Lowell composed music for Mikhail Kuzmin's The Dangerous Precaution for Theatre Rhinoceros in 2008.

Lowell worked as a dramaturg on Frank Loesser’s Señor Discretion Himself, premiered at Arena Stage and Pleasures And Palaces for which he reconstructed the script and score, and also adapted Charles Dickens's A Christmas Carol for performance by David Ogden Stiers.

He has also been an archivist, historian, editor, rehearsal pianist, musical director, house manager, and Broadway music copyist. He also spent five years employing his musical and literary skills working for both Frank Loesser Enterprises and Jule Styne Enterprises, as well as being was head of materials at Music Theatre International and was the first materials' manager of Theatrical Rights Worldwide.

And under the editorship of Dr.

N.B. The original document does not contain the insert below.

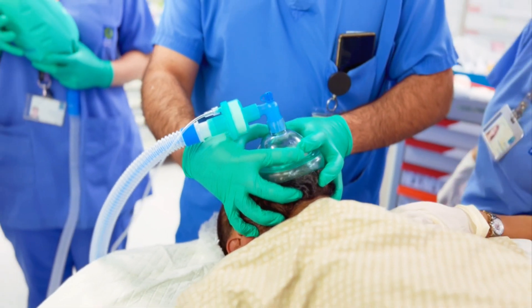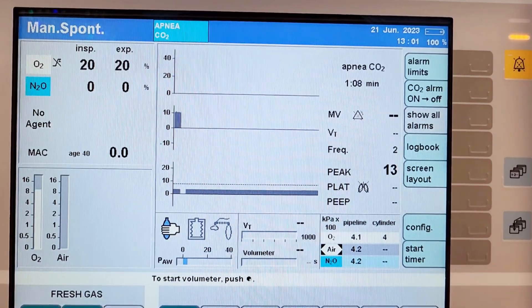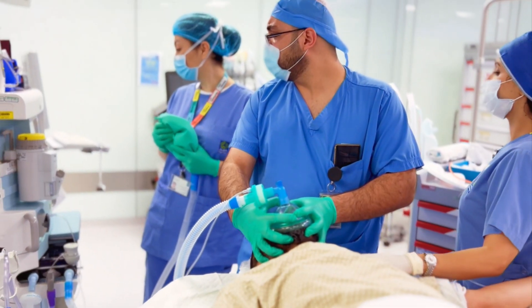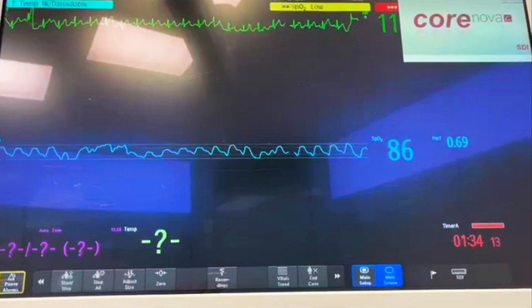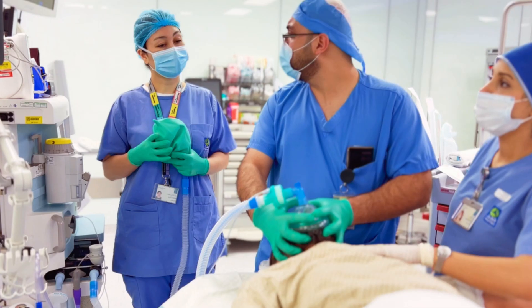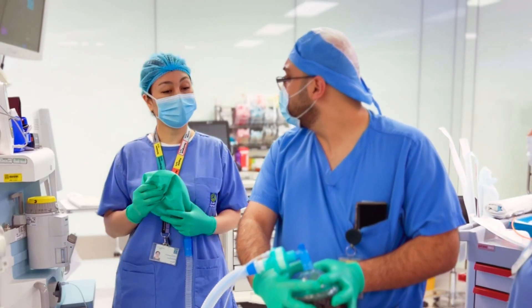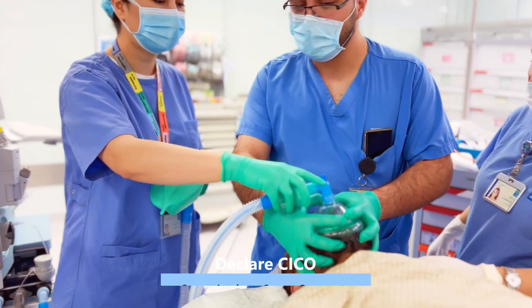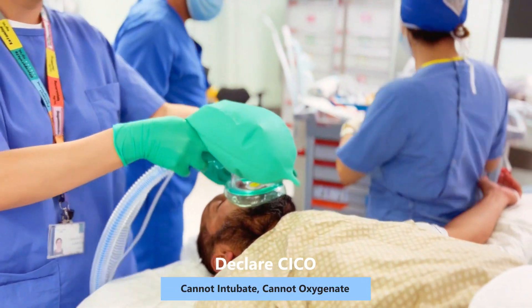A cannot intubate, cannot oxygenate, or CICO situation arises when attempts to manage the airway by tracheal intubation, face mask ventilation, and supraglottic airway device insertion have failed. The saturation is dropping. Hypoxic brain damage and death will occur if the situation is not rapidly resolved. A CICO situation and progression to front-of-neck access should be declared.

Fred Hammond, Lowell did the first complete typesetting of Alessandro Scarlatti's opera Il Pompeo.

==Awards==

Autumn Canticle was nominated for a 2004 G.L.A.A.D. Media Award in the Music & Theater category for Outstanding Play in Los Angeles.

He was also nominated Best Playwright by both the 2009 Los Angeles Stage Alliance's Ovation Award and the 2010 Garland award both for the Andak Stage production of The Letters.